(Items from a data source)

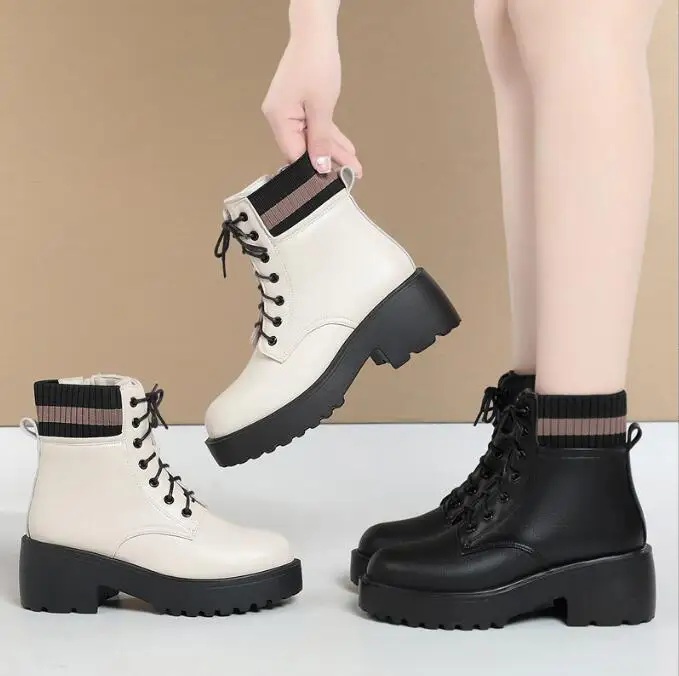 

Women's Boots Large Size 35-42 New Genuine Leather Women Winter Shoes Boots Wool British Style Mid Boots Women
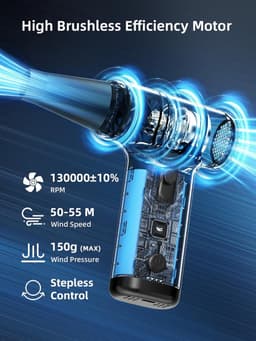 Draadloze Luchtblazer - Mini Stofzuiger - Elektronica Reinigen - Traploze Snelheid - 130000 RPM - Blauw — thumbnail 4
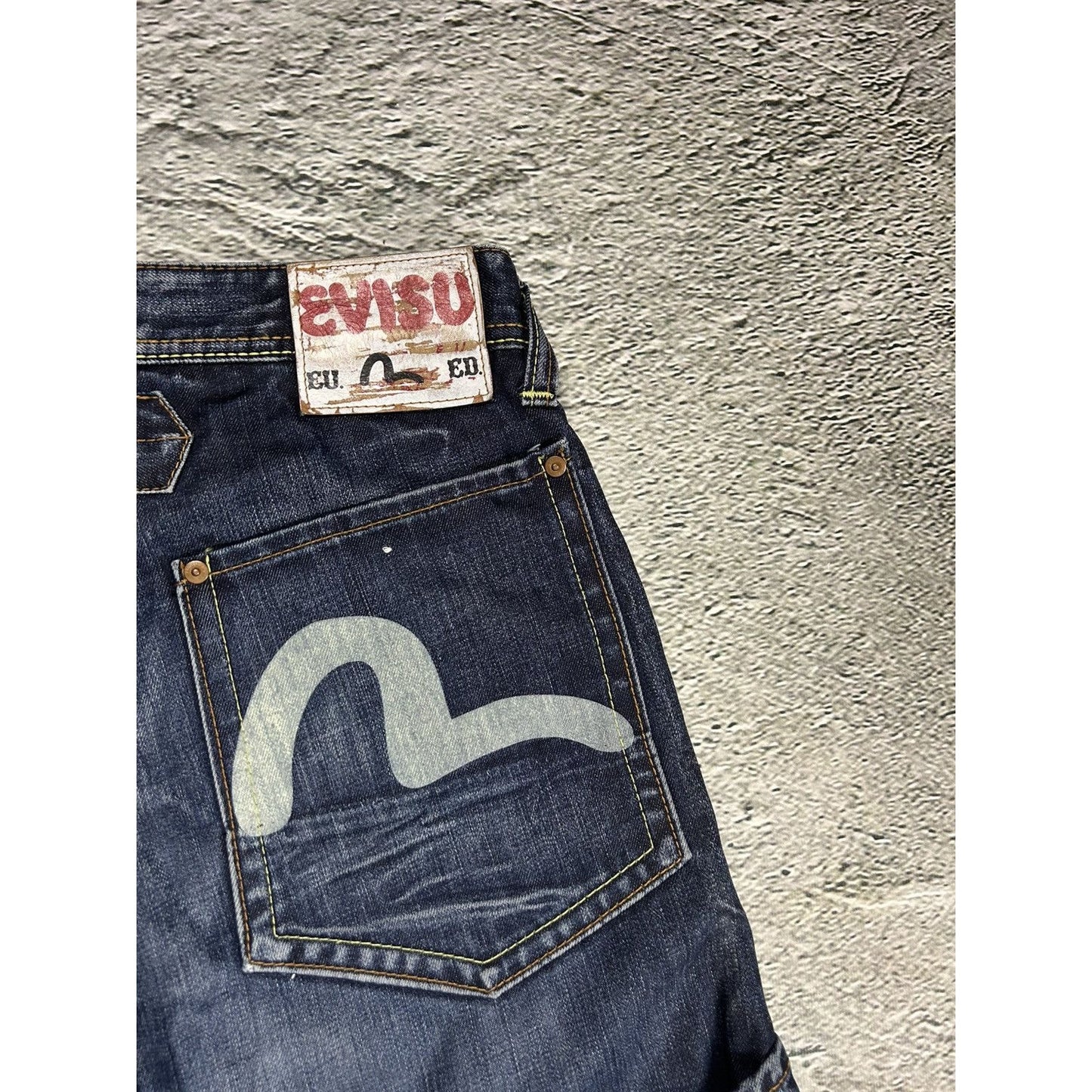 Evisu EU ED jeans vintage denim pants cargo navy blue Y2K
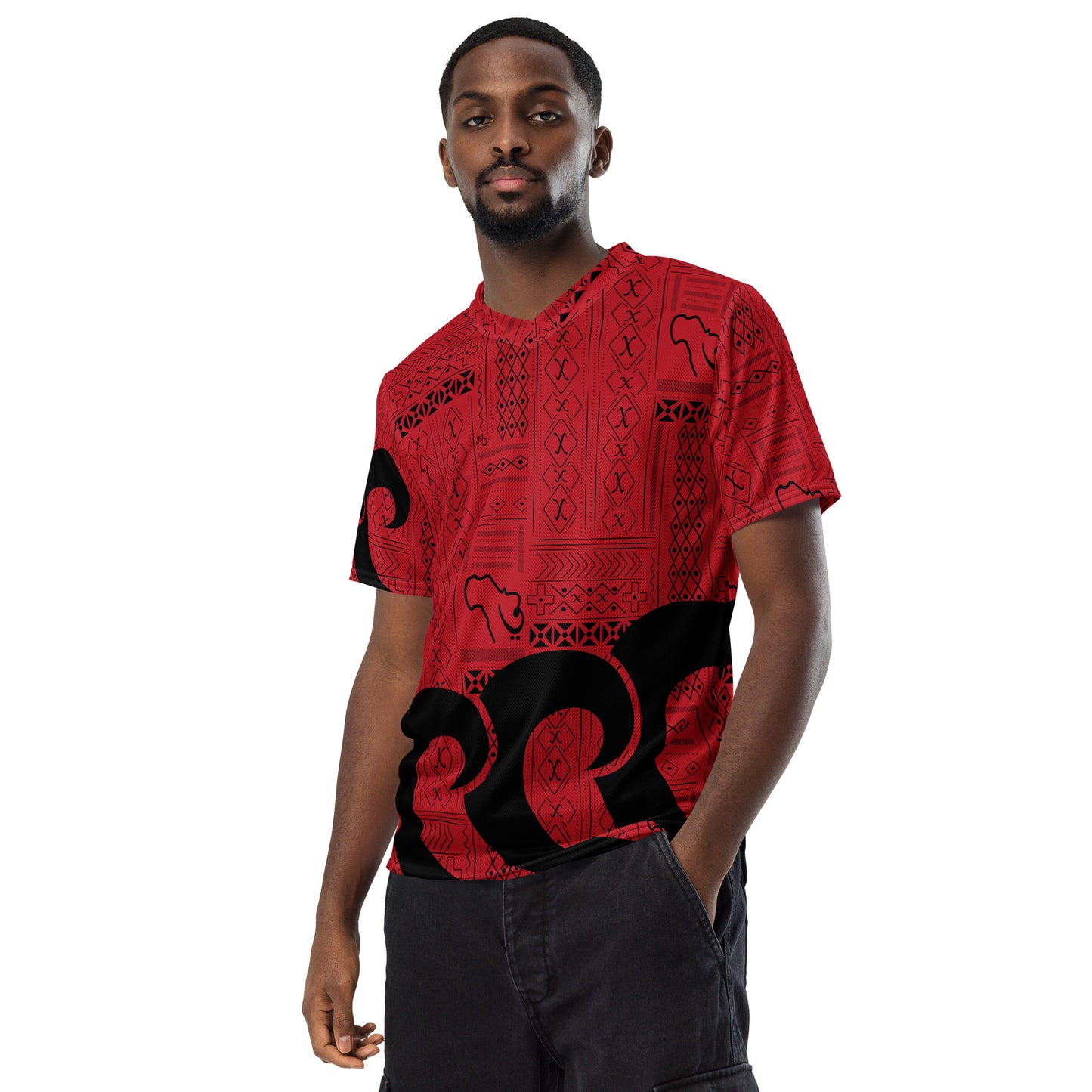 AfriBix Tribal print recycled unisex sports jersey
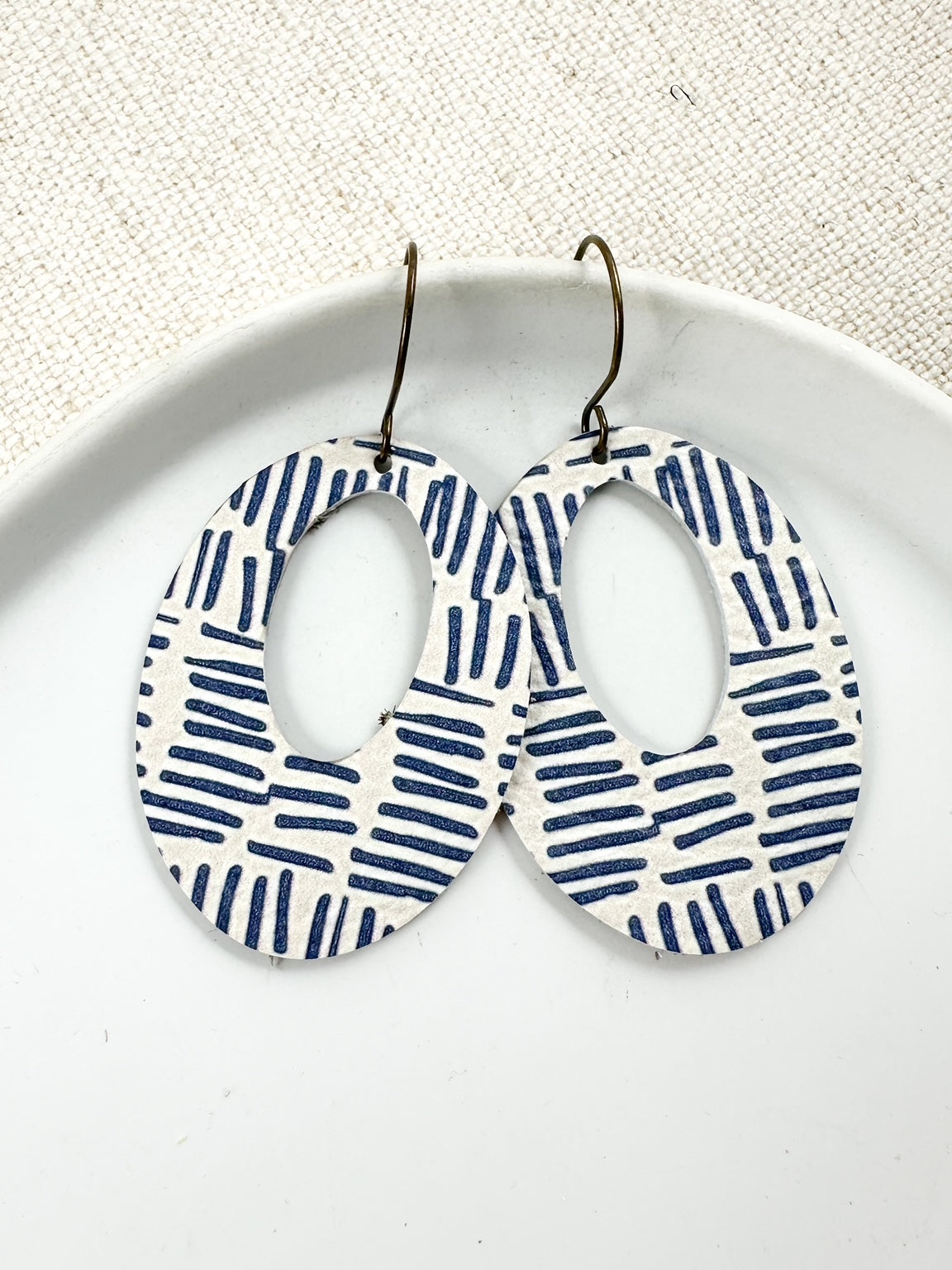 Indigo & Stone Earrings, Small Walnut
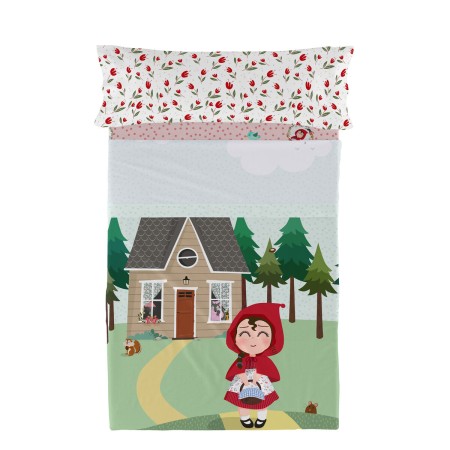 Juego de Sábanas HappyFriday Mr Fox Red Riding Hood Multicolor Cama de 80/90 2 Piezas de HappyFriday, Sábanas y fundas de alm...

• _EXERCISE GOAL_:
A word-for-word copy of the records is needed, one that contains no pictures.

• _TASK RESULT_:
Women's Boots Large Size 35-42 New Genuine Leather Women Winter Shoes Boots Wool British Style Mid Boots Women
 Draadloze Luchtblazer - Mini Stofzuiger - Elektronica Reinigen - Traploze Snelheid - 130000 RPM - Blauw — thumbnail 4
 Evisu EU ED jeans vintage denim pants cargo navy blue Y2K
 AfriBix Tribal print recycled unisex sports jersey
 Indigo & Stone Earrings, Small Walnut
 Juego de Sábanas HappyFriday Mr Fox Red Riding Hood Multicolor Cama de 80/90 2 Piezas de HappyFriday, Sábanas y fundas de alm...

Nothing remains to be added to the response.